Speaking as someone with a good fraction of rural folk on my mother’s side of the family, it bothers me a great deal when I hear some of my urban friends dismiss rural people as a bunch of ignorant, benighted rednecks.

My uncle Leonard is a rancher in central California, and he is one of the most principled and honorable men I’ve ever known.

He owns a liquor store in a small town near his farm, and for years you could not buy a Time, Newsweek or Motor Trend magazine in his store because the magazine distributors in whose territory Leonard lived said that if Leonard wanted to have magazines in his store, it would be a package deal — meaning he would need to sell Playboy and Penthouse magazines along with more respectable fare. Leonard, a deeply religious Catholic, stood on principle and said if that was the deal, he would refuse to carry magazines at all. Eventually the distributors relented and agreed to allow him to skip the skin magazines.
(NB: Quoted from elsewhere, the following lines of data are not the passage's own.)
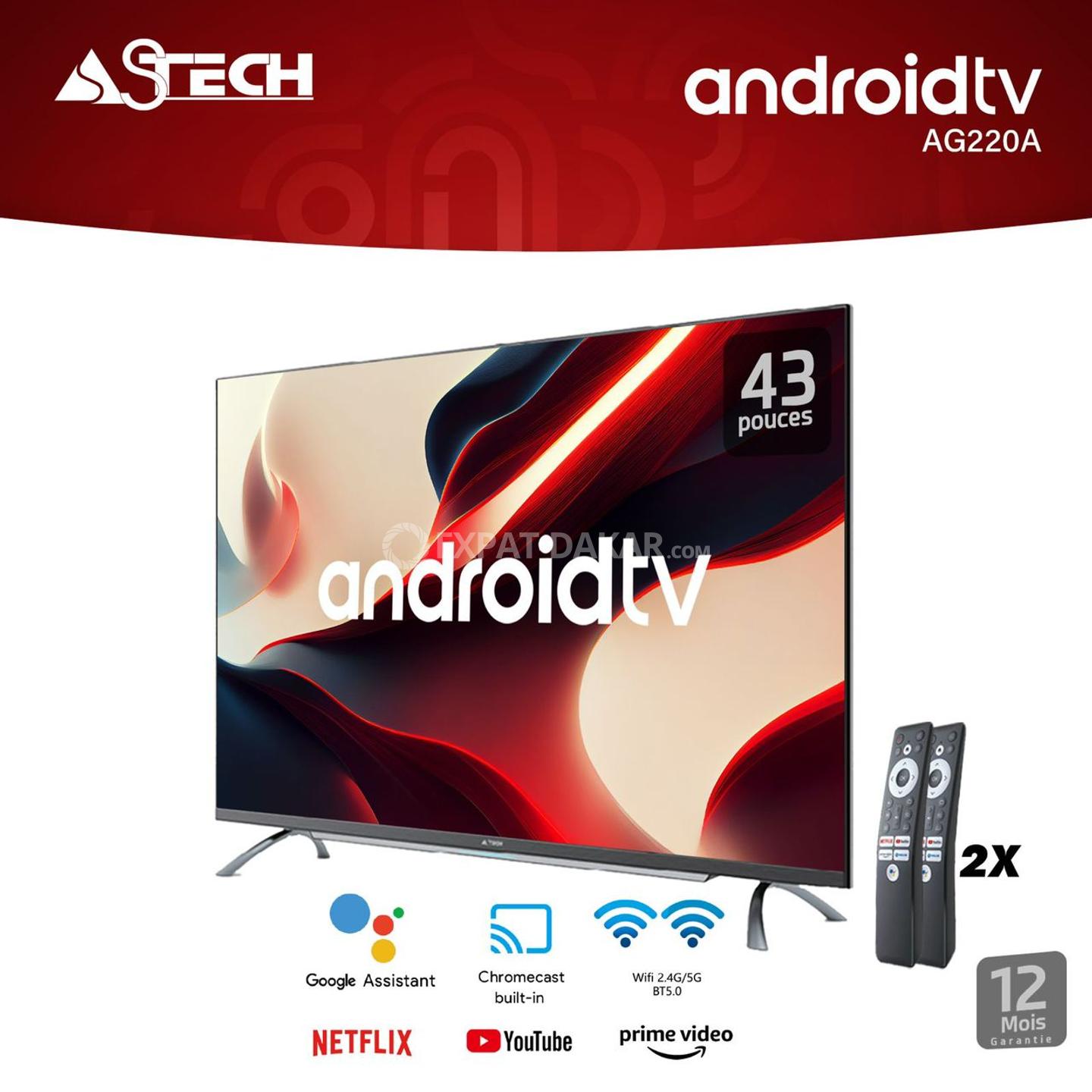 Televiseur astech smart tv 43pouce neuf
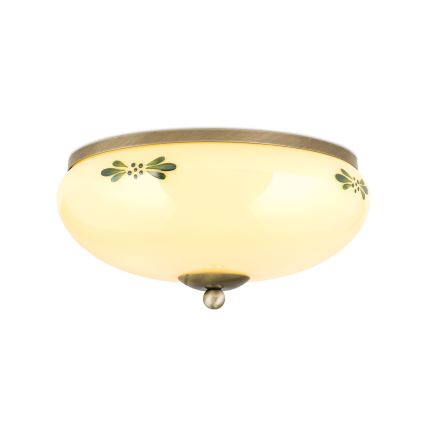 Plafonieră LANDHAUS, 2 x E27, 60 W, 230 V, Ø 28 cm, bronz/bej/verde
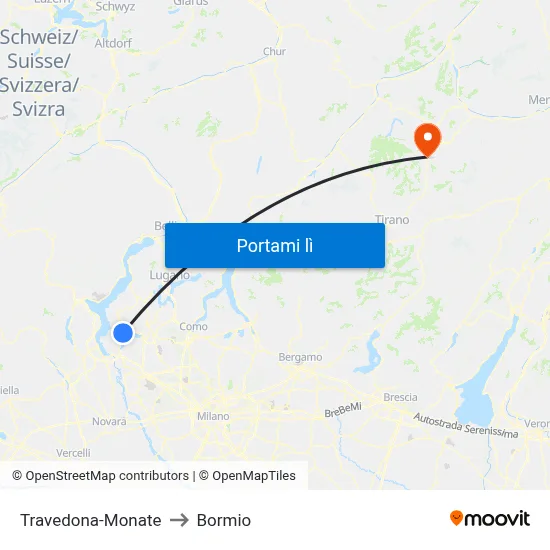 Travedona-Monate to Bormio map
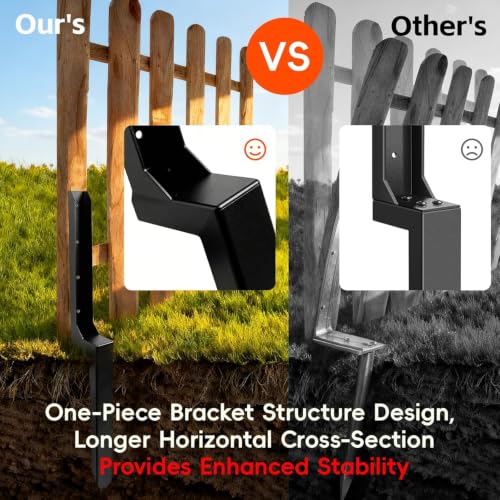 2 Pack Fence Post Repair Kits with Strong One-Piece Steel Anchor & Stakes - color: Black-2pack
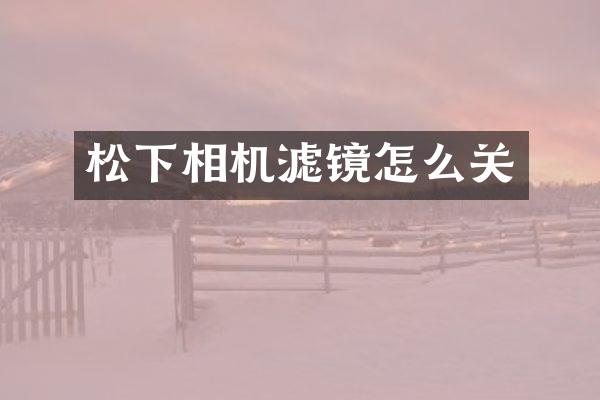 相机滤镜怎么关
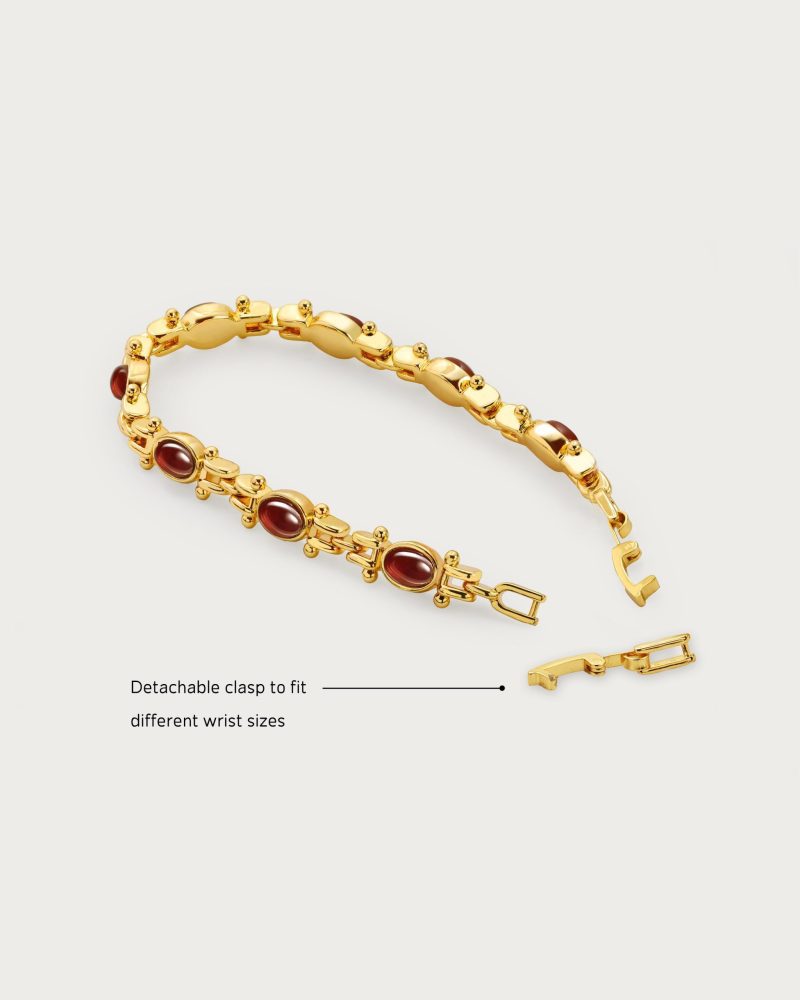 Tess's Treasure Carnelian Bracelet | Gold & Silver with Natural Stone - 图片 3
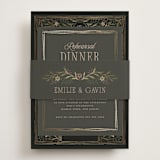 "Emilie" - Foil-Pressed Rehearsal Dinner Cards in Noir by Randi Cirelli - Assembled with Belly Band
Leonard and I certainly have our differences politically. He’s not a big fan of unions, for example, and I consider unions to be an indispensable institution to ensure economic fairness and get workers a fair deal.

That said, he and I get along just fine. When I go visit we keep the conversation on topics that will serve to keep the peace (we both like the EF Mass, and both of us hunt, for example), and we just agree to disagree on some issues.

Some of the responsibility for depth of the urban/rural divisions in the country rest with the Democratic Party, which has become a far more exclusively urban-constituent party than it used to be. It is worth remembering that FDR was a great friend to farmers and rural people in the United States — New Deal initiatives like federal agricultural price supports, the Tennessee Valley Authority, and rural electrification more generally were responsible for drastically lessening the besetting poverty that had characterized millions of square miles of rural America before the 1930s. There were people in the mountains of Appalachia and the Ozarks who kept photos of FDR in honored places in their houses long after he was gone from the scene.

I think the Democratic Party needs to re-learn how to talk to rural Americans. In part this is in their political best interests: Many of the folks who keep pulling the lever for Republicans might be doing that because, as Ohio Sen. Sherrod Brown has said, “the Democrats stopped talking to them.”

But it is also essential to lessening the gulf that threatens our national unity.

“Talking to them,” by the way, means, mostly, listening. Ask, “What are the top 5 issues that affect your quality of life?” and then listen to the answers. Then come up with policies whose purpose is to address those issues directly — and then explicitly campaign on those issues. This is what Democrats can do to help the nation heal its great and still-growing divide.